You are not logged in.
Machine: Dell XPS 15 9510
GPU: NVIDIA GeForce RTX 3050
Display Manager: XDM
My laptop is ridiculiosuly hot no matter what I am doing. It's to the point that even if I'm disconnected from the internet and only working in emacs, it will be uncomfortably hot to the touch and burning through battery at an insane rate. I suspect this is because of the GPU. I want my NVIDIA GPU to be completely powered off (consuming 0 power at all) unless I run prime-run `<application-name>`.
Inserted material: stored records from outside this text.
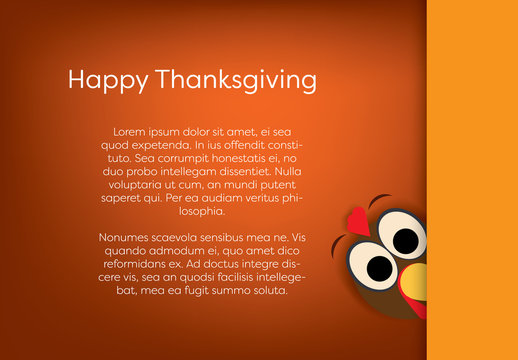 Cartoon Turkey Thanksgiving Card Layout 1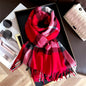 Men & Women Checked Pattern Cashmere Touch Scarf - Warm Fringe Shawl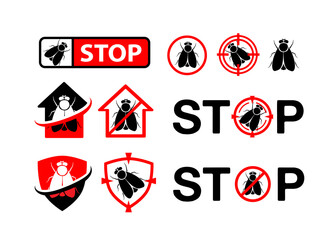 Fly emblems. Pest control badges set. Design elements, labels and stickers, danger and stop signs with fly silhouette.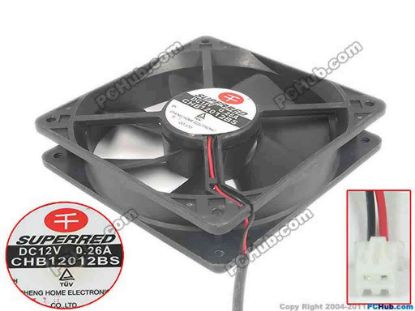 120402 Superred CHB12012BS Server - Square Fan 2-wire, 12V 0.26A Superred CHB12012BS Server - Square Fan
I followed the instructions here and followed the unstructions under the PRIME render offload. I have nvidia, nvidia-utils, nvidia-settings, nvidia-prime, mesa, and mesa-utils installed. prime-run appears to work fine. Proof:
Output from `glxinfo | grep "OpenGL renderer"`:
OpenGL renderer string: Mesa Intel(R) UHD Graphics (TGL GT1)Output from `prime-run glxinfo | grep "OpenGL renderer"`:
OpenGL renderer string: NVIDIA GeForce RTX 3050 Laptop GPU/PCIe/SSE2So, I figured I hade succeeded. Nope... the laptop is still super hot. Upon further inspection using `nvidia-smi`:
Wed Jan 5 01:00:05 2022
+-----------------------------------------------------------------------------+
| NVIDIA-SMI 495.46 Driver Version: 495.46 CUDA Version: 11.5 |
|-------------------------------+----------------------+----------------------+
| GPU Name Persistence-M| Bus-Id Disp.A | Volatile Uncorr. ECC |
| Fan Temp Perf Pwr:Usage/Cap| Memory-Usage | GPU-Util Compute M. |
| | | MIG M. |
|===============================+======================+======================|
| 0 NVIDIA GeForce ... On | 00000000:01:00.0 Off | N/A |
| N/A 46C P3 13W / N/A | 4MiB / 3913MiB | 0% Default |
| | | N/A |
+-------------------------------+----------------------+----------------------+
+-----------------------------------------------------------------------------+
| Processes: |
| GPU GI CI PID Type Process name GPU Memory |
| ID ID Usage |
|=============================================================================|
| 0 N/A N/A 794 G /usr/lib/Xorg 4MiB |
+-----------------------------------------------------------------------------+Three things to note here: 1) the card is running X. I have no idea why it would be running x. I want it to be running nothing. (2) The GPU is consuming 13W of power!!! I watched it for a while it was either 6W (at P5 or P8) or 13W (at P8), but never any other value. This is absurd. (3) the GPU is at 0% usage, so it's doing nothing while consuming 13W of power. The battery went down 12 precent in the last five minutes while I only have a browser and a shell open.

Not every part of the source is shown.